Input material START

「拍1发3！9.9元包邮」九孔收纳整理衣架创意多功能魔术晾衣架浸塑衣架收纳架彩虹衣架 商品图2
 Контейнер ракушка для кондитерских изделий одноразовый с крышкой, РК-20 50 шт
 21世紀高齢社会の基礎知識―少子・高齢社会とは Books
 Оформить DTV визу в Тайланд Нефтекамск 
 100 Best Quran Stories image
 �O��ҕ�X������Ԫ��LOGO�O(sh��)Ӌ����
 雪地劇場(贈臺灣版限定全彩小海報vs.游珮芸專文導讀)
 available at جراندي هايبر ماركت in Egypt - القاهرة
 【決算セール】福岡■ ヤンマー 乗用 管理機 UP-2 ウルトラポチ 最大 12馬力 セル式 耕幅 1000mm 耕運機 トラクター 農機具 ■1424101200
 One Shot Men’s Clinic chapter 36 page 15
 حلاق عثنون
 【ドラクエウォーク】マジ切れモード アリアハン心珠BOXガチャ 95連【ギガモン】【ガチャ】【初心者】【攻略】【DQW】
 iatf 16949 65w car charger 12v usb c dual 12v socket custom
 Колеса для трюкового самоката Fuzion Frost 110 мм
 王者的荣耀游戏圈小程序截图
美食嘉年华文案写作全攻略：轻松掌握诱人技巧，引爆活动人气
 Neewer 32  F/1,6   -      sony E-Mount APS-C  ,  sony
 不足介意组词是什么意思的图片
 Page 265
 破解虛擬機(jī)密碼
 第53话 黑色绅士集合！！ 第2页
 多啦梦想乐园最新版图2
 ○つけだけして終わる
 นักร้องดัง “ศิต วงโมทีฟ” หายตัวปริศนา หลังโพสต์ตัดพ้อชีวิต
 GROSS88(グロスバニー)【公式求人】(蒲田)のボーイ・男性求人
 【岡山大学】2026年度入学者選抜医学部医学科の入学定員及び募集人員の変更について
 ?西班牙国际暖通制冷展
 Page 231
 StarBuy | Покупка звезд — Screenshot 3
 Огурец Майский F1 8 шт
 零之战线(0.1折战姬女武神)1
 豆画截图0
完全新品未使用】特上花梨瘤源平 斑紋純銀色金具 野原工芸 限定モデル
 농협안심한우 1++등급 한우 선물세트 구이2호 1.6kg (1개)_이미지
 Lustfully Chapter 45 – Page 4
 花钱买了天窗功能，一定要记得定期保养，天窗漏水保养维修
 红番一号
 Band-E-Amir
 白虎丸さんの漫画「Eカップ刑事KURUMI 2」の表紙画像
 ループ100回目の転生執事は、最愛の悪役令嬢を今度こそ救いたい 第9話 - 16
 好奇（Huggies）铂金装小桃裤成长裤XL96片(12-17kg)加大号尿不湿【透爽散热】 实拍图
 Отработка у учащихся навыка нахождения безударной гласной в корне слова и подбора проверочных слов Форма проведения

Input material END

=== How to complete this task ===
When you reach the end of the data above, set it all down again unchanged.

=== Exercise response ===
「拍1发3！9.9元包邮」九孔收纳整理衣架创意多功能魔术晾衣架浸塑衣架收纳架彩虹衣架 商品图2
 Контейнер ракушка для кондитерских изделий одноразовый с крышкой, РК-20 50 шт
 21世紀高齢社会の基礎知識―少子・高齢社会とは Books
 Оформить DTV визу в Тайланд Нефтекамск 
 100 Best Quran Stories image
 �O��ҕ�X������Ԫ��LOGO�O(sh��)Ӌ����
 雪地劇場(贈臺灣版限定全彩小海報vs.游珮芸專文導讀)
 available at جراندي هايبر ماركت in Egypt - القاهرة
 【決算セール】福岡■ ヤンマー 乗用 管理機 UP-2 ウルトラポチ 最大 12馬力 セル式 耕幅 1000mm 耕運機 トラクター 農機具 ■1424101200
 One Shot Men’s Clinic chapter 36 page 15
 حلاق عثنون
 【ドラクエウォーク】マジ切れモード アリアハン心珠BOXガチャ 95連【ギガモン】【ガチャ】【初心者】【攻略】【DQW】
 iatf 16949 65w car charger 12v usb c dual 12v socket custom
 Колеса для трюкового самоката Fuzion Frost 110 мм
 王者的荣耀游戏圈小程序截图
美食嘉年华文案写作全攻略：轻松掌握诱人技巧，引爆活动人气
 Neewer 32  F/1,6   -      sony E-Mount APS-C  ,  sony
 不足介意组词是什么意思的图片
 Page 265
 破解虛擬機(jī)密碼
 第53话 黑色绅士集合！！ 第2页
 多啦梦想乐园最新版图2
 ○つけだけして終わる
 นักร้องดัง “ศิต วงโมทีฟ” หายตัวปริศนา หลังโพสต์ตัดพ้อชีวิต
 GROSS88(グロスバニー)【公式求人】(蒲田)のボーイ・男性求人
 【岡山大学】2026年度入学者選抜医学部医学科の入学定員及び募集人員の変更について
 ?西班牙国际暖通制冷展
 Page 231
 StarBuy | Покупка звезд — Screenshot 3
 Огурец Майский F1 8 шт
 零之战线(0.1折战姬女武神)1
 豆画截图0
完全新品未使用】特上花梨瘤源平 斑紋純銀色金具 野原工芸 限定モデル
 농협안심한우 1++등급 한우 선물세트 구이2호 1.6kg (1개)_이미지
 Lustfully Chapter 45 – Page 4
 花钱买了天窗功能，一定要记得定期保养，天窗漏水保养维修
 红番一号
 Band-E-Amir
 白虎丸さんの漫画「Eカップ刑事KURUMI 2」の表紙画像
 ループ100回目の転生執事は、最愛の悪役令嬢を今度こそ救いたい 第9話 - 16
 好奇（Huggies）铂金装小桃裤成长裤XL96片(12-17kg)加大号尿不湿【透爽散热】 实拍图
 Отработка у учащихся навыка нахождения безударной гласной в корне слова и подбора проверочных слов Форма проведения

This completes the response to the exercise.